The disruption of the Ottoman invasion had a significant effect on the local population, the repercussions of which continued to be felt in Ali’s lifetime. Maintaining the early dynamism of invaders while transforming into a government of occupation and then into a harmonious state for all its population proved to be a problem the Turks never solved. Originally the Sultan held supreme power both as head of state and also as the caliph, the leader and protector of the Muslim world. Although people of ‘the Book’, followers of those religions that were founded on the Bible, were not persecuted, conditions became less favourable towards them. In certain regions this led to wholesale conversion to Islam. The Greek heartlands remained staunchly Orthodox Christian but further north into Albania the people saw it as more expedient to change faith. Deforestation and over-farming made life increasingly difficult. Those who could not stomach the new regime and had the means fled abroad, mainly to Italy, but many Greeks found a welcoming refuge with their fellow Orthodox in Russia. The Ottomans recognized the rights of other faiths to retain their religious practices and laws. This meant that minorities formed their own millets across the Empire to look after their affairs. In Europe the Rum Millet (Roman nation) comprised a variety of ethnic groups and languages all united by their Orthodox faith, with its religious and political head the Ecumenical Patriarch in Constantinople and dominated by Greeks.

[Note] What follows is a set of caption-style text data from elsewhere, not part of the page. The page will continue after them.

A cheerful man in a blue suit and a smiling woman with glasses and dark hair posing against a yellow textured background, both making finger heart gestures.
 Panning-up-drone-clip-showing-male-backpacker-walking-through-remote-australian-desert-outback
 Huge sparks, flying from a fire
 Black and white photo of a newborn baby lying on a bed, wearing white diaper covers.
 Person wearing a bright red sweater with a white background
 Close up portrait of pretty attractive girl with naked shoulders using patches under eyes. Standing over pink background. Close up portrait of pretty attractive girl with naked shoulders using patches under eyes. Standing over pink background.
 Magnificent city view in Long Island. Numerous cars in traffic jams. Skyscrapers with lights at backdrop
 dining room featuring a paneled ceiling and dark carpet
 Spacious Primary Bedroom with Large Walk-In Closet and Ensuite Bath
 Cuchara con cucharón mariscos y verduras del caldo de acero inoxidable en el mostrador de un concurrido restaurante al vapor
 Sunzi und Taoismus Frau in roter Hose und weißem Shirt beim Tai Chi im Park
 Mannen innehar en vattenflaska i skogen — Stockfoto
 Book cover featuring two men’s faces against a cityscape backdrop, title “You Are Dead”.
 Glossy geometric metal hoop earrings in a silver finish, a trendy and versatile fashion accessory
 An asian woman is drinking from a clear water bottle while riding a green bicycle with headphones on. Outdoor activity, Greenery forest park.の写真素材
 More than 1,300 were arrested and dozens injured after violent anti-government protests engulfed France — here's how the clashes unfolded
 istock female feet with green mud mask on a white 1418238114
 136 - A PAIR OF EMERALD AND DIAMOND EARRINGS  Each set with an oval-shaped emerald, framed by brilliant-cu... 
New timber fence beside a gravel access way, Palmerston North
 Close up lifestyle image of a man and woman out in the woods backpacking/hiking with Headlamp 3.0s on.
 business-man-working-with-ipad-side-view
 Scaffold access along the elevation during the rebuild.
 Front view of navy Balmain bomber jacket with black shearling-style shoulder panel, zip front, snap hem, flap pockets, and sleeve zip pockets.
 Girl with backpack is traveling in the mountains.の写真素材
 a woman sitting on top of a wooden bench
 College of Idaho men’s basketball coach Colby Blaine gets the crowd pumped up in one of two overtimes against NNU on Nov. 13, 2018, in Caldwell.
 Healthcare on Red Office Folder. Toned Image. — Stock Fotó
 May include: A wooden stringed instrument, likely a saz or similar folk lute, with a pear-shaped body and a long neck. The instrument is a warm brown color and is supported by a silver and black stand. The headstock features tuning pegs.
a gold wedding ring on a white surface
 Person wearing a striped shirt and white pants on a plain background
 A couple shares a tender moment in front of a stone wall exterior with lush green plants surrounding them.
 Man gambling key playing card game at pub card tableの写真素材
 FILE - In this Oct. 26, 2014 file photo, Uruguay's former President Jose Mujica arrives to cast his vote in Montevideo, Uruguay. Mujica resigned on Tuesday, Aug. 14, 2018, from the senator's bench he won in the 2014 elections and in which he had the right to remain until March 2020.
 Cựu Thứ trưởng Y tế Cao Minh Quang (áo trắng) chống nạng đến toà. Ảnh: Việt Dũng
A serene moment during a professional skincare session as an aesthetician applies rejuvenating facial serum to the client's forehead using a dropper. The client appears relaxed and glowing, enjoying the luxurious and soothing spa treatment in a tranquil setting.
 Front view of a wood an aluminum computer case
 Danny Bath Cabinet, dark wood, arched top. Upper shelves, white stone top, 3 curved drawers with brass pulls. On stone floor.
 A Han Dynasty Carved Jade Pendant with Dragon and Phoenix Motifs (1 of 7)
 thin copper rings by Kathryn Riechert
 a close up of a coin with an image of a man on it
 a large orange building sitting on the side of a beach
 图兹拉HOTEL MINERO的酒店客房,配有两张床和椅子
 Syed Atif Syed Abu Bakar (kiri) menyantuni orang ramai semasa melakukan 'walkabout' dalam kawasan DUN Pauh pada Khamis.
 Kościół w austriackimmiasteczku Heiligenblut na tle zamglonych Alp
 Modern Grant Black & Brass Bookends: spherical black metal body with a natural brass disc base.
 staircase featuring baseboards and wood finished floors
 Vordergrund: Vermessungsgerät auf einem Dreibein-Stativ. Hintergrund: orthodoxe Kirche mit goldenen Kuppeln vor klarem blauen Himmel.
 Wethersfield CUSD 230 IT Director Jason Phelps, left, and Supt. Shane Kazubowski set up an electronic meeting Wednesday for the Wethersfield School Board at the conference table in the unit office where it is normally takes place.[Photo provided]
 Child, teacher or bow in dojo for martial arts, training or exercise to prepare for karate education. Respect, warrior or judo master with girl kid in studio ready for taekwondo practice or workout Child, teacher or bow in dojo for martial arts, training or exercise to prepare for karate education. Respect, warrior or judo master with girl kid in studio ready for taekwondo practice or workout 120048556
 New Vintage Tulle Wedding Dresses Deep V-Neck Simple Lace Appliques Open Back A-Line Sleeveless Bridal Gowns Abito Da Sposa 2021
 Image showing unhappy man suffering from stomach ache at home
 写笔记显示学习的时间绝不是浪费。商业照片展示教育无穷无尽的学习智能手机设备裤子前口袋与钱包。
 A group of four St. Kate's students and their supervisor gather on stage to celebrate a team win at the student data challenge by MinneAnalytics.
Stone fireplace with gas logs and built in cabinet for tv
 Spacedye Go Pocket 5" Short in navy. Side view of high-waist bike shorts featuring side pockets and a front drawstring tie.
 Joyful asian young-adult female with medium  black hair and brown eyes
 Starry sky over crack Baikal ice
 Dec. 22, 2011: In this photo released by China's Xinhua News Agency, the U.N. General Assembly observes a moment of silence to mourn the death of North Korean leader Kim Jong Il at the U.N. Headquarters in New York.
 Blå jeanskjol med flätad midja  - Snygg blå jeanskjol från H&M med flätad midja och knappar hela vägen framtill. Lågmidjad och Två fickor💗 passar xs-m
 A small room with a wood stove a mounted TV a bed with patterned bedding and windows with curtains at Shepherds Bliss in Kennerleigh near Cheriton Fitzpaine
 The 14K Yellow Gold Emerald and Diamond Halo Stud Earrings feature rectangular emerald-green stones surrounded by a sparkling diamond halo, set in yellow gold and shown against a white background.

By the time of Ali, the Sultans had become victims of a system that fostered court intrigue and isolation within the Topkapi palace complex at Constantinople, where political power was in the hands of the grand vizier and the council known as the Sublime Porte. Local power was delegated to local governors who exercised varying degrees of autonomy. The Empire was divided into eyalets or pashaliks, areas ruled over by a pasha of the three tails whose ceremonial staff was decorated with feathers. The Eyalet of Rumeli or Rumelia took in most of the Balkans and was governed from Monastir, modern Bitola, in the Former Republic of Macedonia. The Morea formed its own eyalet with its capital at Tripolitza. Eyalets were further divided into sanjaks, ruled by a bey, and then timars (fiefs). Throughout the century the complicated administrative areas of Greece and Albania were constantly shifting. Control of Ioannina moved from the Sanjak of Thessaly, ruled by a pasha at Tirhala (Trikkala), to its own direct government appointee, Mehmet ‘Kalo’ Pasha, in the latter half of the century. Military organization and law and order operated on a number of levels, from the elite janissaries to local policing.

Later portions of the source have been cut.